Le bouillon (ou non)
Le grand blocage pratique du risotto est généralement le bouillon: non pas parce qu’il est difficile, mais parce que personne n’a jamais l’envie ou le temps de le faire. Un bon bouillon végétal est pourtant l'affaire de vingt minutes maximum: en rentrant des courses, on met une casserole d’eau à chauffer et on y glisse une branche de céleri avec ses feuilles, deux carottes, l’autre moitié de l’oignon de tout à l’heure, une cuillère de gros sel et une feuille de laurier.
Mais bon, c’est loin d’être obligatoire. Juste, si vous n’avez pas le temps, s’il vous plaît, pas de bouillon-cube ou d’autres saloperies de ce genre: on fait juste chauffer de l’eau, avec une cuillère de gros sel.
La cuisson
Revenons à la cuisson: on vient de déglacer le riz toasté dans une casserole. Dans une autre à côté, on a du bouillon ou de l’eau chaude. On rajoute une ou deux louches de liquide d'un coup dans le riz, qui sera frémissant, et on continue à mélanger, SANS ARRÊT.
On répète l'opération pendant quinze à vingt minutes, selon le type de riz –c’est souvent marqué sur le paquet.
La garniture (ou non, là encore)
Pendant ce temps, on rajoute la garniture. Je vous propose deux garnitures différentes qui interviennent dans la cuisson exactement de la même façon: des cèpes frais, nettoyés, coupés et poêlés (comme on l'avait expliqué ici) ou du radicchio, aussi connu en France sous le nom de trévise –du nom de la ville la plus réputée pour sa production.
Il s’agit d’une salade amère et souvent rouge: on la rince, la coupe en morceaux, la pôele deux minutes puis on la mouille avec une cuillère de vinaigre de vin rouge ou balsamique.
On prépare l’une des garnitures ou l’autre –ou les deux– et on la balance dans la casserole avec le riz, tout en continuant la cuisson.
Risotto au radicchio | Tommaso Melilli
La mantecatura
Entre-temps, on devrait largement avoir atteint les quinze-vingt minutes de cuisson. On arrête le feu, et on se prépare à terminer le plat avec le vrai grand geste qui sépare le risotto d'une soupe de riz: la mantecatura, du verbe mantecare, qui veut tout simplement dire «touiller».

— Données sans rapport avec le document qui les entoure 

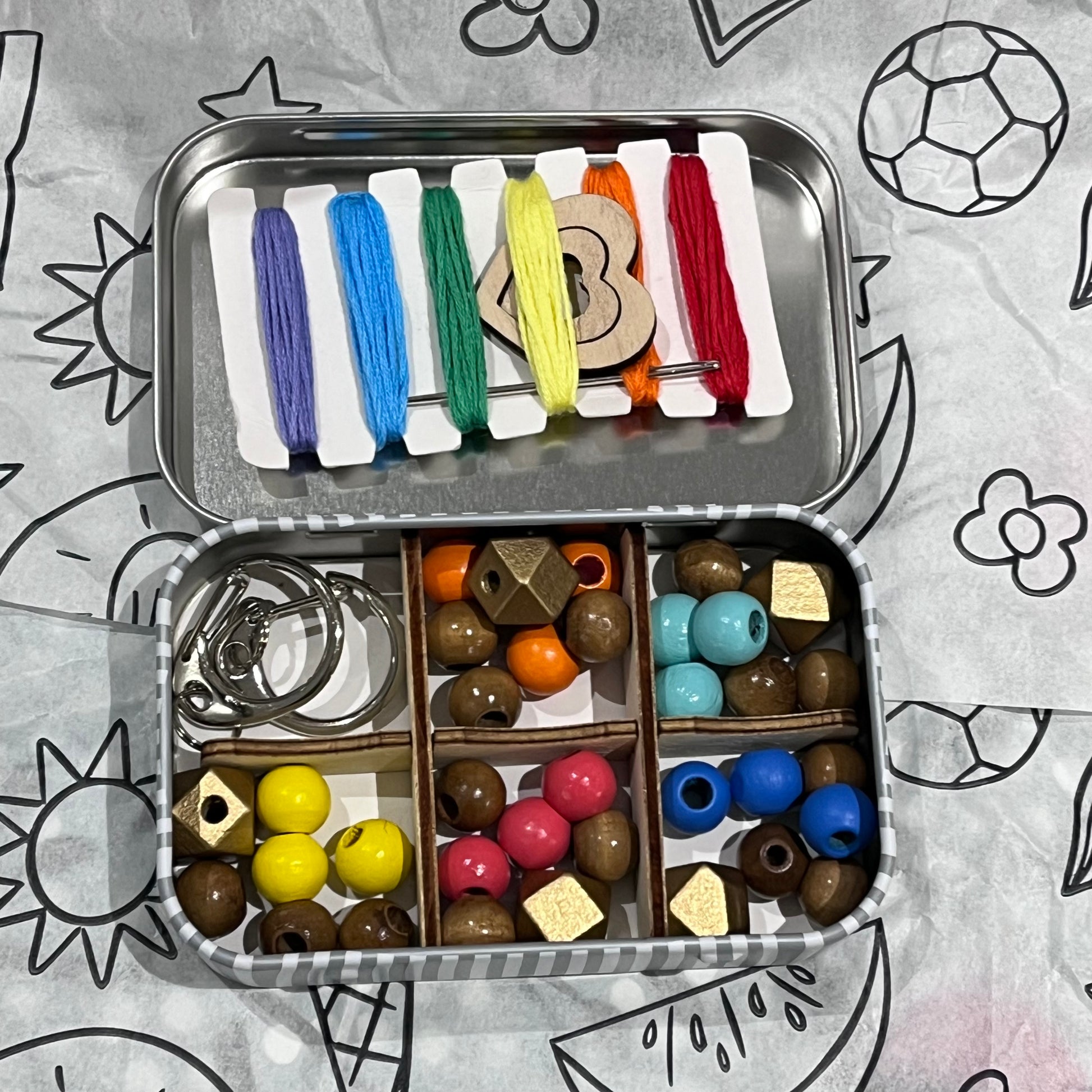 Plastic-free kids keyring kit with wooden beads, heart charms, coloured threads, and keyring fobs, box open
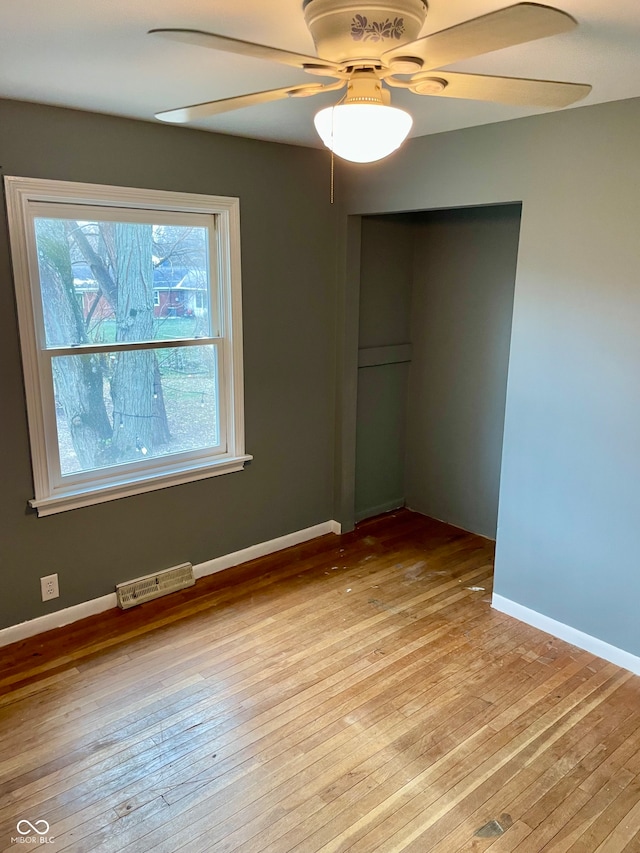 unfurnished bedroom with ceiling fan and light hardwood / wood-style floors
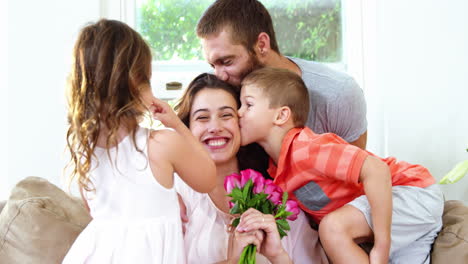 Mom-receiving-flowers-and-kisses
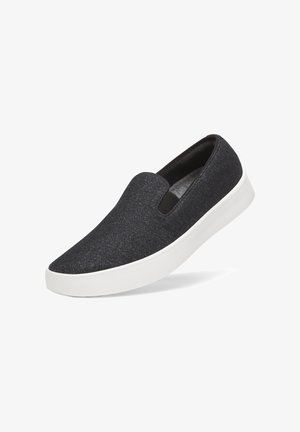 Dunkelgrauer Slipper-Sneaker mit elastischen Seiteneinsätzen und dicker weißer Gummisohle, vor weißem Hintergrund dargestellt.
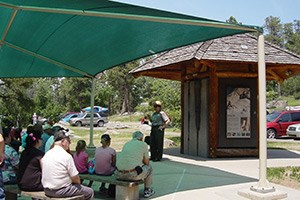 Many ranger programs take place in the center of the visitor center parking area. A park ranger addresses a group of visitors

On touille donc très énergiquement, pour englober de l’air, comme si on devait faire une mayonnaise ou monter une meringue. Mais avant, on rajoute du parmesan rapé et des petits cubes de beurre froid. On le regarde bien, quand on touille: il va devenir brillant, lumineux et crémeux.
On estime que la bonne texture d’un risotto doit être celle d’une vague, all’onda. On essaye de bouger la casserole en avant et en arrière et on regarde le riz. S'il ne bouge pas du tout, on rajoute un peu de bouillon; si la consistance est trop liquide, on attend simplement deux minutes. Et si on voit se lever la petite crête d’une vague, c'est bon. On goûte, on rectifie en assaisonnement et on s'attaque au dressage.
Le dressage
Vous voulez briller en société et servir votre risotto comme dans les restaurants étoilés italiens? Première chose, il faut laisser tomber les «assiettes à risotto»: ça n’existe pas. On prend des assiettes plates, idéalement un peu tiédies, et on pose trois cuillères de risotto au milieu.
Puis on soulève l’assiette, on la tient fermement avec une main, et avec l’autre, on tape gentiment mais avec conviction le dessous: et voilà que le monticule de risotto se transforme en une jolie pelouse de riz bien beurrée.
Si on fait le risotto aux cèpes ou au radicchio, on peut en déposer quelques morceaux crus au dessus du risotto, pour rafraîchir et enjoliver un peu l’affaire. Il ne reste plus qu'à servir et à manger immédiatement.